[FFmpeg-devel] [PATCH] Seeking to beginning of avi file skips first audio packet

John Stebbins stebbins
Mon May 17 20:24:47 CEST 2010

On 05/17/2010 10:56 AM, Michael Niedermayer wrote:
> On Sun, May 16, 2010 at 04:31:07PM -0700, John Stebbins wrote:
>> When seeking to the beginning of an avi file with av_seek_frame,
>> avi_read_seek seeks to the correct position for stream index 0, then
>> seeks to the next interleaved packet for all other streams.  
> no, it does not, there is just 1 seek. The code just initializes
> internal variables for the other streams.
I realize that.  My language was imprecise.
>> When
>> seeking to the beginning of the file, this causes packets for other
>> streams to be skipped if these streams start earlier in the file than
>> stream 0.
> yes thats how the code works, i can see that this may be undesireable
> but instead of hacking around on the old seeking api. I think we should
> look into getting the new api (avformat_seek_file) in shape and implemented.
> otoh if one really wanted to work on the old, a prerequesite of your
> change would be to update the old api to describe this issue and
> preferred behavior otherwise one can be sure that no 2 demuxers would
> behave equal.
I didn't know there was a new api being worked on.  If the old is being
deprecated, then by all means, the effort should go into the new.
>> This patch changes the logic only when a backward seek is requested. It
> yes and maybe this makes sense or maybe not
> so why just for backward seeks?
To be honest, I wanted to change the behaviour for all cases.  It seems
more correct to adjust to a position that is at or before the desired
timestamp after searching for that timestamp in all stream indexes.
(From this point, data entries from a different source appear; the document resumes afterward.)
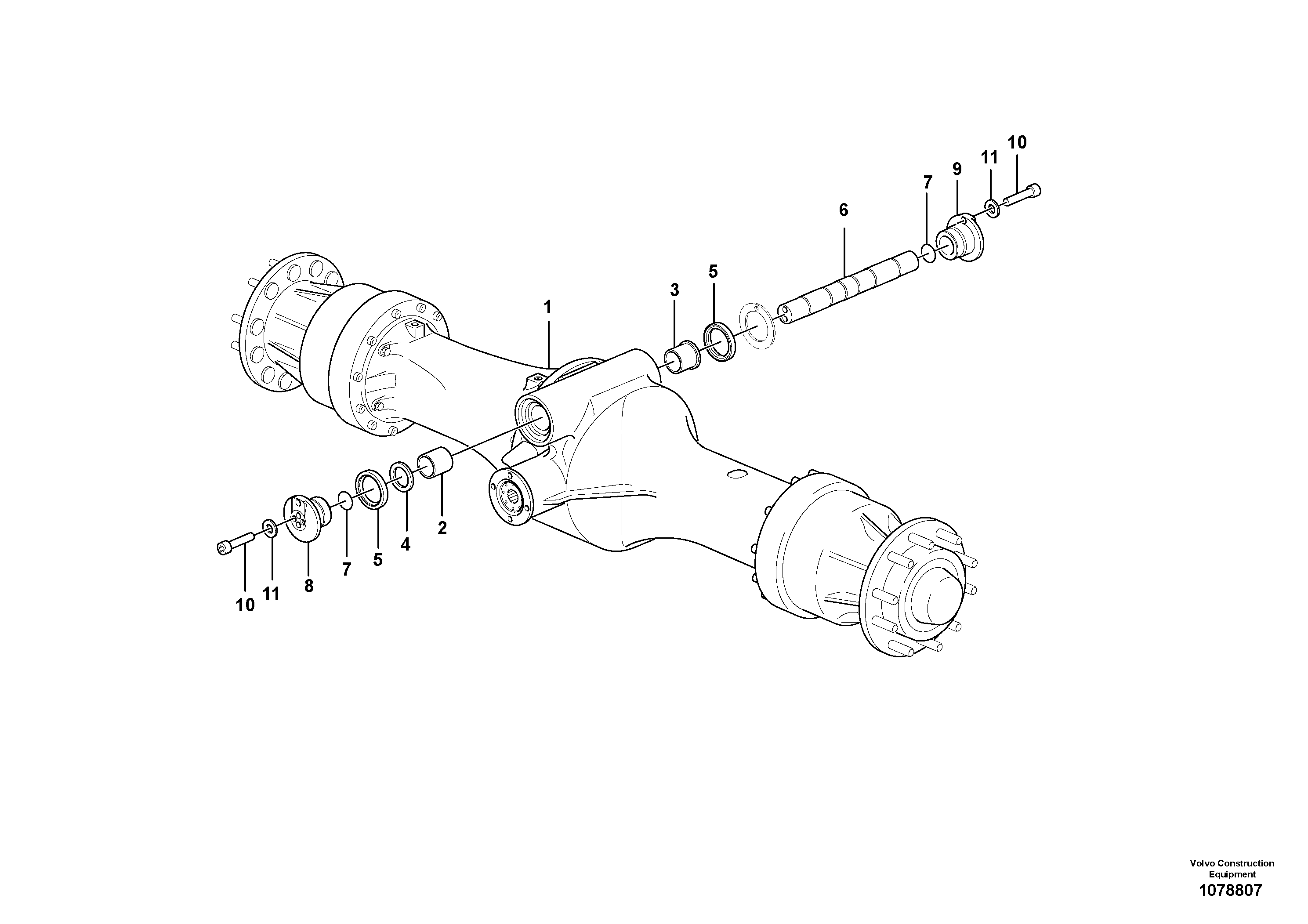 Overdrive VOE17255162 VOLVO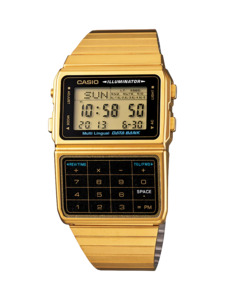 CASIO CLASSIC DATABANK CALCULATOR WATCH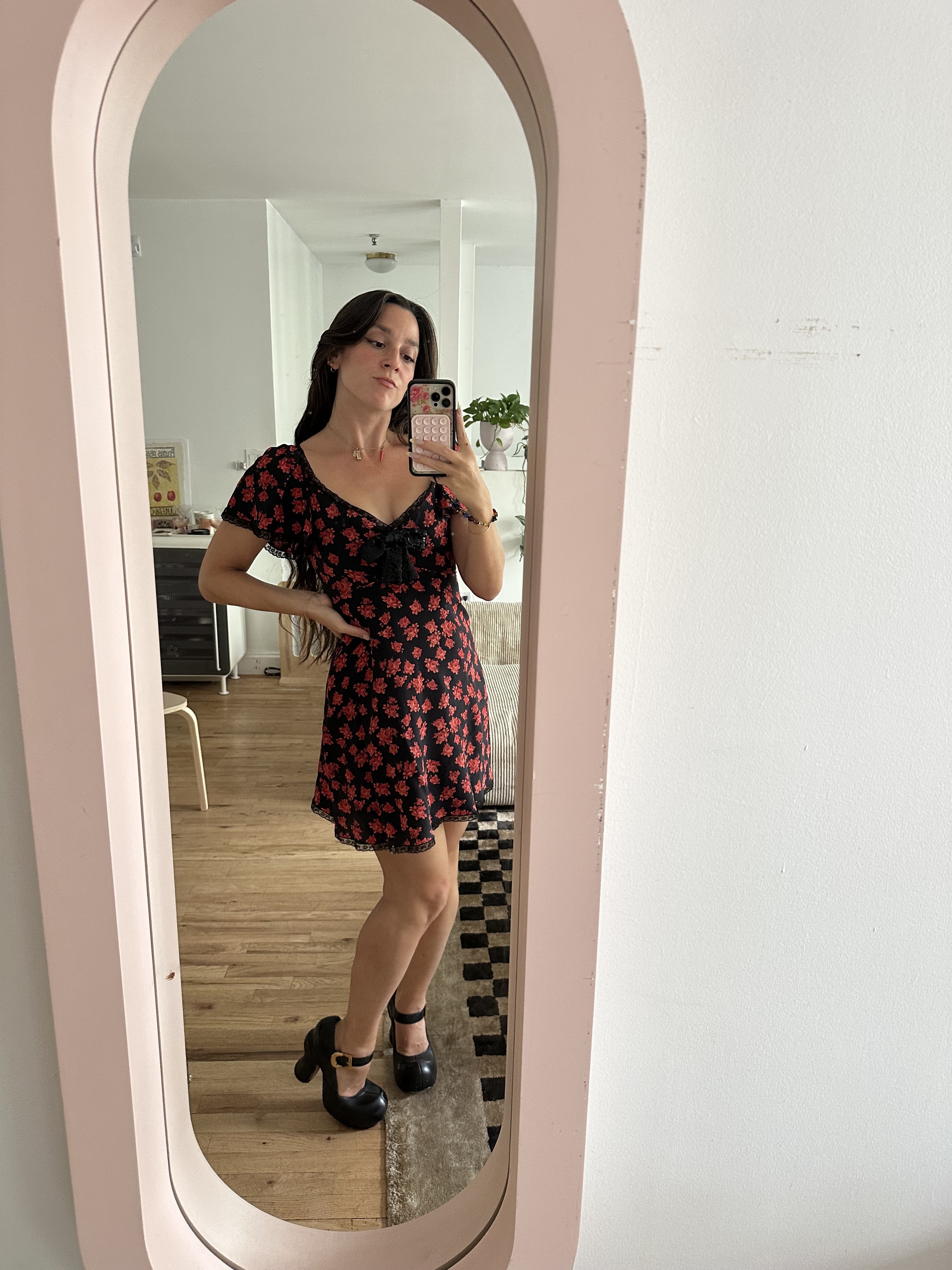 Marc Jacobs doll pumps selfie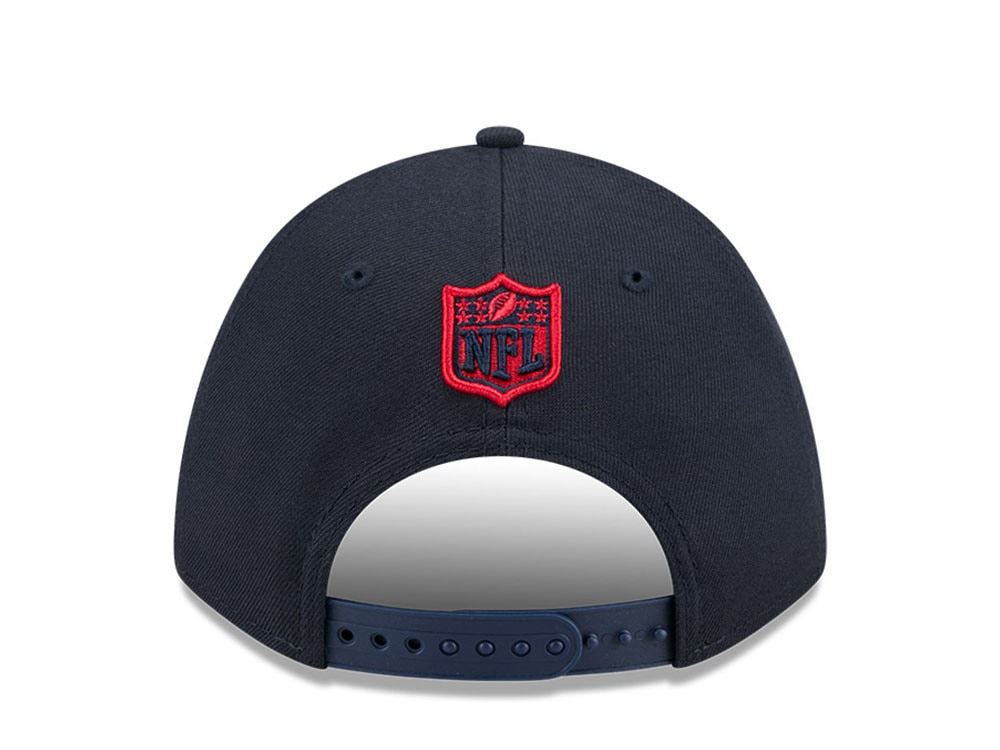 New Era Houston Texans NFL Team 9Forty M Crown Snapback Hat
But
I was afraid this could cause issues for programs that expected the
current behaviour.   For example, a small forward seek request could
result in a backward seek if the packets of one stream span a much
larger duration than the packets of another stream in the file.  So by
checking the direction flag, I am guaranteeing that the seek will always
result in a movement in the desired direction.